> **Work task**:
Without including any images, repeat the data exactly.

> **Dataset section**:
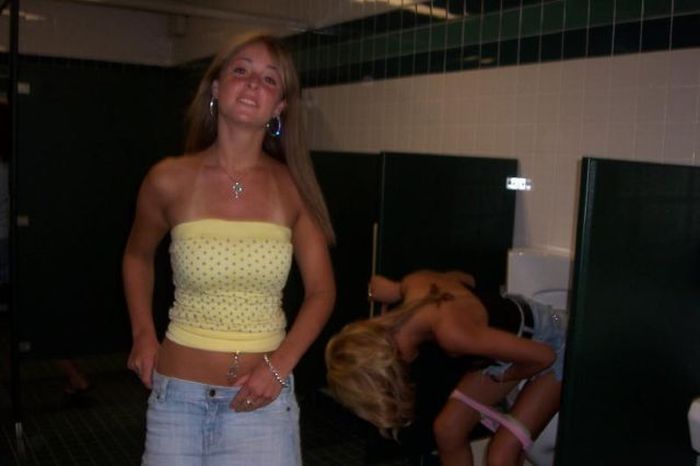 girls_in_mens_room_10.jpg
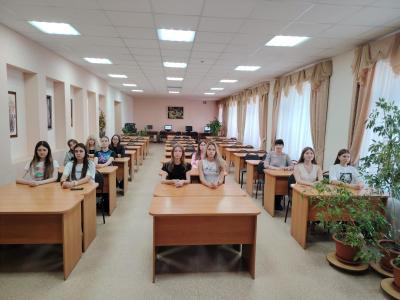 Знакомство с библиотечным фондом учебного корпуса №2 и регистрация в ЭБС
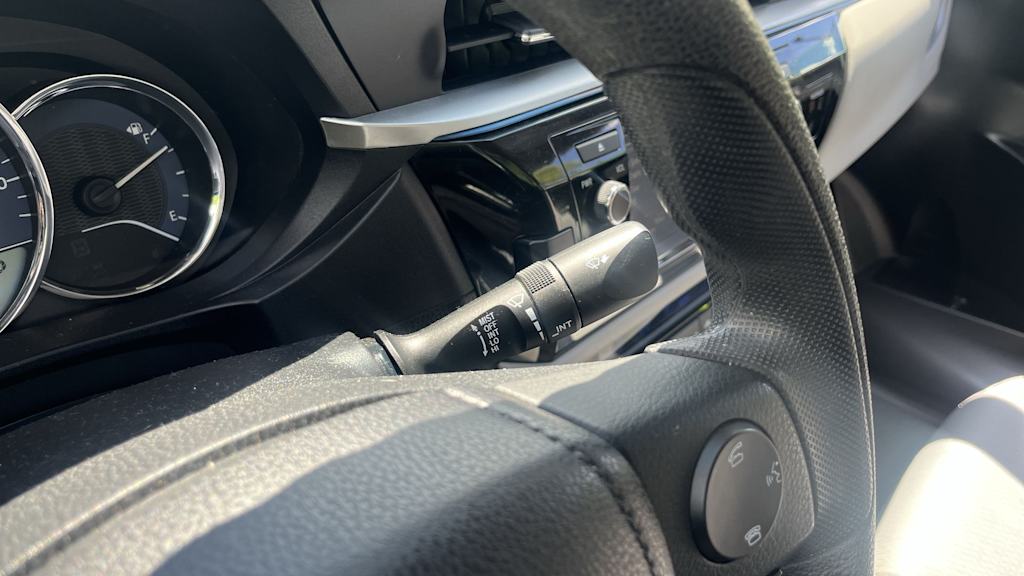Thumbnail: 2015 Toyota Corolla - 16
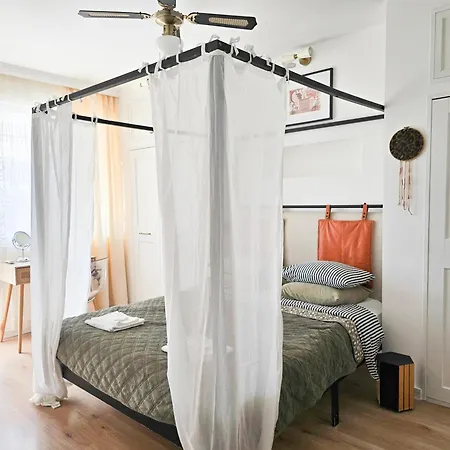 Urban Nest Near The Center Warna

> **Answer area**:
 girls_in_mens_room_10.jpg
 Знакомство с библиотечным фондом учебного корпуса №2 и регистрация в ЭБС
Thumbnail: 2015 Toyota Corolla - 16
 Urban Nest Near The Center Warna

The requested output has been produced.